Bu kazanılmış hakların gaspı içinde sağlık örgütlenmesinin dağıtılması ve sağlığa ayrılan kaynaklarda kesintiye gidilmesinin sonuçları koronavirüs pandemisi esnasında ortaya çıktı, İngiltere en çok ölümün görüldüğü ülkelerden biri oldu.

İngiltere zaten Avrupa Birliği’nden çıkmasının ve Avrupa pazarına serbest erişim hakkını yitirecek olmasının sarsıntısını yaşıyordu. Pandemi ekonomiyi çok kötü vurdu. Aşağıdaki grafik İngiltere’nin pandemi sonrası durumunu dünya ülkeleri ile karşılaştırıyor.

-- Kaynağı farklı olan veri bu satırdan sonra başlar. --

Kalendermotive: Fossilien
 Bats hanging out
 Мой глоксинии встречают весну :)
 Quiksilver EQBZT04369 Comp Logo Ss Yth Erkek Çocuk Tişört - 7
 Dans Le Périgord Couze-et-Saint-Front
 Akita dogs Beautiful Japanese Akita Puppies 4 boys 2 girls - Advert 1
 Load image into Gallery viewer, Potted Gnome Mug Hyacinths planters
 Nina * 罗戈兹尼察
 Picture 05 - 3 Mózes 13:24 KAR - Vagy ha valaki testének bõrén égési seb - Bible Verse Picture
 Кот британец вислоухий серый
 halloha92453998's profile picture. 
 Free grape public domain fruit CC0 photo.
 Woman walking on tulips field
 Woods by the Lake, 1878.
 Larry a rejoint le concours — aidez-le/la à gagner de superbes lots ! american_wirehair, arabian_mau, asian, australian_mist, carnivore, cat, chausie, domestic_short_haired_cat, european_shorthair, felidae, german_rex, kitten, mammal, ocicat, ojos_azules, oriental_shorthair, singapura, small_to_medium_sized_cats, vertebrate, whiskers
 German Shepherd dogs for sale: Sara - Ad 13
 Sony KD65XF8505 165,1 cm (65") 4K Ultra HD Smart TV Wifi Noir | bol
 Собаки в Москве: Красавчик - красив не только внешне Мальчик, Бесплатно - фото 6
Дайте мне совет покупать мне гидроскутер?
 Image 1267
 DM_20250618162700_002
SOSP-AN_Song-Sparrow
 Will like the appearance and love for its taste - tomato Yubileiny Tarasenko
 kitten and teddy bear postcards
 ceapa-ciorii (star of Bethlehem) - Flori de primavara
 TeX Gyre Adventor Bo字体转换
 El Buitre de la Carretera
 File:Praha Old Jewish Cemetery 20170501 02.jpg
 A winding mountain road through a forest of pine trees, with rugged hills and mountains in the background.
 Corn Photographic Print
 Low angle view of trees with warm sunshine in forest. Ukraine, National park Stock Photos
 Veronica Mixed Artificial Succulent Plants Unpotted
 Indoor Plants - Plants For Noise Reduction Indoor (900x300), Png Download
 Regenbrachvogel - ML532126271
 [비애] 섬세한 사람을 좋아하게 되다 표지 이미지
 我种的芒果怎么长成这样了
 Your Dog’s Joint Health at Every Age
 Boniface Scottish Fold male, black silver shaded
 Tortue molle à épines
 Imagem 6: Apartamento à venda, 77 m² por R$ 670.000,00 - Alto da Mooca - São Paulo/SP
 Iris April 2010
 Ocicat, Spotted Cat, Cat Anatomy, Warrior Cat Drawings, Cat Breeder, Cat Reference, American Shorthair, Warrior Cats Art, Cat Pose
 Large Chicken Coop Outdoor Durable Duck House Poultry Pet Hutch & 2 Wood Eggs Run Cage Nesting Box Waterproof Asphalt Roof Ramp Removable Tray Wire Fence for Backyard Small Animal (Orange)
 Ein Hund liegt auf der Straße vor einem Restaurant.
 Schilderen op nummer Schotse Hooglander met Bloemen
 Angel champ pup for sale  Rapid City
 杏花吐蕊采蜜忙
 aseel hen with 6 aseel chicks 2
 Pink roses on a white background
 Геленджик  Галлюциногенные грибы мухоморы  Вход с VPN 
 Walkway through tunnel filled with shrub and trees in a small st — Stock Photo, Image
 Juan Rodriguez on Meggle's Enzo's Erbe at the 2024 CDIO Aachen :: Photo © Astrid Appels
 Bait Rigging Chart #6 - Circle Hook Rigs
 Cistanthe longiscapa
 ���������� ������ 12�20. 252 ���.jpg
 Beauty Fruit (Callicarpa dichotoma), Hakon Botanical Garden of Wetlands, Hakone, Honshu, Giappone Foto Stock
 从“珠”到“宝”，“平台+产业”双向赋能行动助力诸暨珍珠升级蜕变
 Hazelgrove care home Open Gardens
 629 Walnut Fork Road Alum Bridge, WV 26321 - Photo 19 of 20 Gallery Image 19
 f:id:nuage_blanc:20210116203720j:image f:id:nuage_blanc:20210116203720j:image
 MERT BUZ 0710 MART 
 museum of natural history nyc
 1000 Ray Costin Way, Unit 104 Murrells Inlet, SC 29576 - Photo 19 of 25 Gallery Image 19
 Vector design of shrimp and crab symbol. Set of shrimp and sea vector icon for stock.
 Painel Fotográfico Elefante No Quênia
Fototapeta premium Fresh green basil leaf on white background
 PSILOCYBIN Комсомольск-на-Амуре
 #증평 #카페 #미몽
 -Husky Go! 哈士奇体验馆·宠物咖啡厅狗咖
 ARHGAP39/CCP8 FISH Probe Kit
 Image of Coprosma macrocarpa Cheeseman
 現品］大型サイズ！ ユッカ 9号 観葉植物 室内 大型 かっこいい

Grafik pandeminin birinci dalgasında ve olası ikinci dalganın gelmesi durumunda ülkeler ve dünyada GSYİH’da küçülme oranları tahminini veriyor. Şu anda %11 civarında küçülme yaşayan İngiltere’nin ikinci dalgaya uğraması durumunda en ağır şekilde etkilenen ülkelerden biri olacağı görülüyor. Bu haliyle Avrupa’nın güney kuşağına yaklaşıyor.

Görüldüğü gibi İngiltere daha önce bahsettiğimiz Avrupa’nın Güney kuşağı ülkelerine benziyor. İtalya, İspanya, Fransa ve Yunanistan gibi büyük bir çöküş yaşıyor ve bunun nerede duracağı belli değil.

Bu koşullarda İngiliz işçi sınıfı sadece köle tüccarı Colson’un heykelini nehre atmakla yetinmedi, muhtemelen ilk kez Churcill’in heykeline yöneldi.

Fotoğrafta İngiliz hükümetinin Churchill’in heykelini koruma altına aldığı görülüyor.

Churchill birinci ve ikinci emperyalist paylaşım savaşlarında çok önemli bir rol oynamış çaplı bir devlet adamıydı, yani alçağın önde gideniydi. Azılı bir sosyalizm düşmanıydı, öyle ki 1945’ten sonra Sovyetler Birliği’ne karşı nükleer silahların kullanılması için yapılan lobinin şampiyonuydu.

Şimdiye kadar nasıl İngiltere devrimlere karşı güvenceli bir ülkeyse, Churchill’in heykeli de dikildiği Parlamento Meydanı’nda öyle güvence içinde tarihe meydan okuyordu.

Ama bitti, hiçbir yerde sermayeye güvence yok, İngiltere’de bile!